This law will force people to provide services against their will…

David French writes, “Moreover, while there may not be many trans women who seek to force, for example, a female beautician to wax male genitalia or who wish to spend the night in overnight quarters reserved for women only in a battered women’s shelter, the Equality Act will again create and mandate unnecessary individual injustices.”

Let’s be clear here: this law does force people to provide services against their will. A baker who makes wedding cakes will be required to make wedding cakes for both heterosexual and gay weddings.
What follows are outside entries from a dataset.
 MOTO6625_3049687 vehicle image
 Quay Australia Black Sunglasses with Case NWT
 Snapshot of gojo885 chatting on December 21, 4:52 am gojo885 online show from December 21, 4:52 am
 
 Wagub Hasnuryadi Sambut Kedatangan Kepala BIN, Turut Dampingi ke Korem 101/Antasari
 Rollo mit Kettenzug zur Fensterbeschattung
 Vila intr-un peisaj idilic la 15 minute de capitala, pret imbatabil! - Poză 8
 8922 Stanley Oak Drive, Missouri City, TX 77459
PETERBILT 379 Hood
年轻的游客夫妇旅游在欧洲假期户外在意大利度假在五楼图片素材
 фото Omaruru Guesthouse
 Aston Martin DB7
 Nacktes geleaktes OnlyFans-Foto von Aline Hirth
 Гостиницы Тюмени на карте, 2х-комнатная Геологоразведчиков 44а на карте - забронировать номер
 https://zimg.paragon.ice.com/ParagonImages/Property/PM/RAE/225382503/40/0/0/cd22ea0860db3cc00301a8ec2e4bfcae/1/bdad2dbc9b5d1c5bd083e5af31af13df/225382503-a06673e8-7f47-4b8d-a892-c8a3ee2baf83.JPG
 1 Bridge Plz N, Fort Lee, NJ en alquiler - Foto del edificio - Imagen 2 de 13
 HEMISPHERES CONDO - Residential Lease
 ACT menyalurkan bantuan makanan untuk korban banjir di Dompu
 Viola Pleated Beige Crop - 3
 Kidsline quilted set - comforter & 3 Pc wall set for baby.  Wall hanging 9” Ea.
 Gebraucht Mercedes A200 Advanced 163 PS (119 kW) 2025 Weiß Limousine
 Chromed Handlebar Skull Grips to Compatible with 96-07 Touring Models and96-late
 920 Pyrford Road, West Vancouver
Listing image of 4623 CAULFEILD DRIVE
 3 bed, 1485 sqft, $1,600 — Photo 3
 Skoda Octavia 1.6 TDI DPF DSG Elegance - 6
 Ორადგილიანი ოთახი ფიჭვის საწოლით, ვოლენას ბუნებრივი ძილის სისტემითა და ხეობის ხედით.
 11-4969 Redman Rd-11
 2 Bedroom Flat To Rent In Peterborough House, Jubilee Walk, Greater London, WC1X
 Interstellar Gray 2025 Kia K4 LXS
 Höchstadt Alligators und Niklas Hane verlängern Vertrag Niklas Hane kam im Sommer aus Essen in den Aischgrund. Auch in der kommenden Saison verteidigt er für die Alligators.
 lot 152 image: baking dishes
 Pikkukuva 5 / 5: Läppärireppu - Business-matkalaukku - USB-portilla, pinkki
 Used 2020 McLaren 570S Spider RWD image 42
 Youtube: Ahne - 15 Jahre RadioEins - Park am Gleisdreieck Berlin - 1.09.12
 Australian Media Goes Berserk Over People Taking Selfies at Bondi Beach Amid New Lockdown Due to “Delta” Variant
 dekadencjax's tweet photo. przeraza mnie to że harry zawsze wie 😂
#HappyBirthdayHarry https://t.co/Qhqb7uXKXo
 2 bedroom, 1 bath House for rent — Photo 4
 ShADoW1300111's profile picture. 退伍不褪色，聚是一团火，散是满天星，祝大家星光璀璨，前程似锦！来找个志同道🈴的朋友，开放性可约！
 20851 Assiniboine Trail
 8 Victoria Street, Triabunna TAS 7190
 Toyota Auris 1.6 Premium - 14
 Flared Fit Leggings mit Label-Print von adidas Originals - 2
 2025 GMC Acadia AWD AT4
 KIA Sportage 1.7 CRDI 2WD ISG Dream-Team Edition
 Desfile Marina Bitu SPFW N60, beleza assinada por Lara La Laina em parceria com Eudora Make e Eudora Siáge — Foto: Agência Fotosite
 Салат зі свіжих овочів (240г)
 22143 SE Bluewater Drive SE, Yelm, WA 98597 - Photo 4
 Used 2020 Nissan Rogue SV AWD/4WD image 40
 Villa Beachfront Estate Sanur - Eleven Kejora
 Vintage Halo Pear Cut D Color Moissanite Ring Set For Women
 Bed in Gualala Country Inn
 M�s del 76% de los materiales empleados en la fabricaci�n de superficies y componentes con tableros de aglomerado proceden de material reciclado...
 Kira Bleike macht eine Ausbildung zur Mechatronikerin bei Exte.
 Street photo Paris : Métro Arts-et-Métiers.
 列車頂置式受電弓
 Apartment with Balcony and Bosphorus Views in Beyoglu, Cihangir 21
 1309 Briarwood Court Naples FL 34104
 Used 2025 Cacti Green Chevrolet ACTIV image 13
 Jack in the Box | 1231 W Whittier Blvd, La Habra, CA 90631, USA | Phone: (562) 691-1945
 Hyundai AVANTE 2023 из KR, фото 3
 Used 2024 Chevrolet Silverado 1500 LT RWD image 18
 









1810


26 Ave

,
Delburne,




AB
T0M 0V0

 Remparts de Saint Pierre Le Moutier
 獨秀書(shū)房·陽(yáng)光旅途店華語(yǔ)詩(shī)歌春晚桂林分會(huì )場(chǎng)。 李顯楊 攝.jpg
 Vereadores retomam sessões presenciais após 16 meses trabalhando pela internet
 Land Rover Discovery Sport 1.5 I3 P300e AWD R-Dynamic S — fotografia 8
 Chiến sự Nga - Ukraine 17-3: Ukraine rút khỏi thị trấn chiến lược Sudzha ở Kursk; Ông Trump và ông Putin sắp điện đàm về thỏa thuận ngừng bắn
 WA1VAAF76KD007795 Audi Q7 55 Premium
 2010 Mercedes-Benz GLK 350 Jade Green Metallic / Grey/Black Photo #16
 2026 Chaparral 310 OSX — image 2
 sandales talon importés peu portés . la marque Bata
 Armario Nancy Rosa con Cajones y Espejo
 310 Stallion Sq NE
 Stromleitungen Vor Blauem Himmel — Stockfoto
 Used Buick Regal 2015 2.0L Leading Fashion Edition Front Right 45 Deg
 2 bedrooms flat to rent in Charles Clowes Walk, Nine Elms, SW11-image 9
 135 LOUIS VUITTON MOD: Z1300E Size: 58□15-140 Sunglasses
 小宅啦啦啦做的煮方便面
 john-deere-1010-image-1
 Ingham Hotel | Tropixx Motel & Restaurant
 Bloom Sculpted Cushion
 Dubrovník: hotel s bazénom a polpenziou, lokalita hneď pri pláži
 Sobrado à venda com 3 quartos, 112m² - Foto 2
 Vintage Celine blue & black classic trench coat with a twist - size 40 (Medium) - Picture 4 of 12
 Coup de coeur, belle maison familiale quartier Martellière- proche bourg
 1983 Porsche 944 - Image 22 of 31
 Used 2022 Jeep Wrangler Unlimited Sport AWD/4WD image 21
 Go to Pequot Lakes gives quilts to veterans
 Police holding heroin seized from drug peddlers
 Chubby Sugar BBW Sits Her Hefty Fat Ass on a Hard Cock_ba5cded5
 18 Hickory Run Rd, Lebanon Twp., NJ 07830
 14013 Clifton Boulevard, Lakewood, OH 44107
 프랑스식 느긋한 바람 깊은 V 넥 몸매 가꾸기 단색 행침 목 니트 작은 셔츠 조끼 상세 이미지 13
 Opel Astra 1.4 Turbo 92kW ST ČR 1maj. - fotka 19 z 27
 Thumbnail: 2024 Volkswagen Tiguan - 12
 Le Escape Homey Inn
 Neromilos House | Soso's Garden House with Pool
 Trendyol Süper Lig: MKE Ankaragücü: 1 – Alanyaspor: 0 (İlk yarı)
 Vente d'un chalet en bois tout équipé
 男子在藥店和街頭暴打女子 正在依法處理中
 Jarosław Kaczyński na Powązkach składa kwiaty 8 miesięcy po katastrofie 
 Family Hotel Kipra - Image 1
The 1964 Civil Rights Act already forced racist business owners to provide service to races they don’t like, sexists to provide services to the opposite sex, religious bigots to serve people of any faith. And this law adds sexual orientation and gender-identity to the list of people who deserve the right to be served by businesses, even if the owner personally dislikes the group they come from.

The argument that this law mandates individual injustices, however, is absurd and so are the examples provided. A female beautician may be required to “wax” a male, however, they are certainly allowed to determine what parts of the body they wax. I feel stupid having to point this out, but if a business does not offer waxing of male genitalia as part of its services, it is not required to begin offering that service simply because a person asks for it. On the other hand, if an establishment offers lip waxing for women and a transsexual or transgendered woman enters asking to have their lip waxed, then yes: they are required to serve them.

The argument against men in a battered woman’s shelter is similarly flawed. A battered woman’s shelter is for women who have been abused and are fleeing that abuse, in need of a place to stay. If a person who identifies as a woman has been brutalized and abused by their partner and flees for their own safety, why shouldn’t they be allowed to seek shelter at a woman’s shelter? What the hell else would you ask them to do?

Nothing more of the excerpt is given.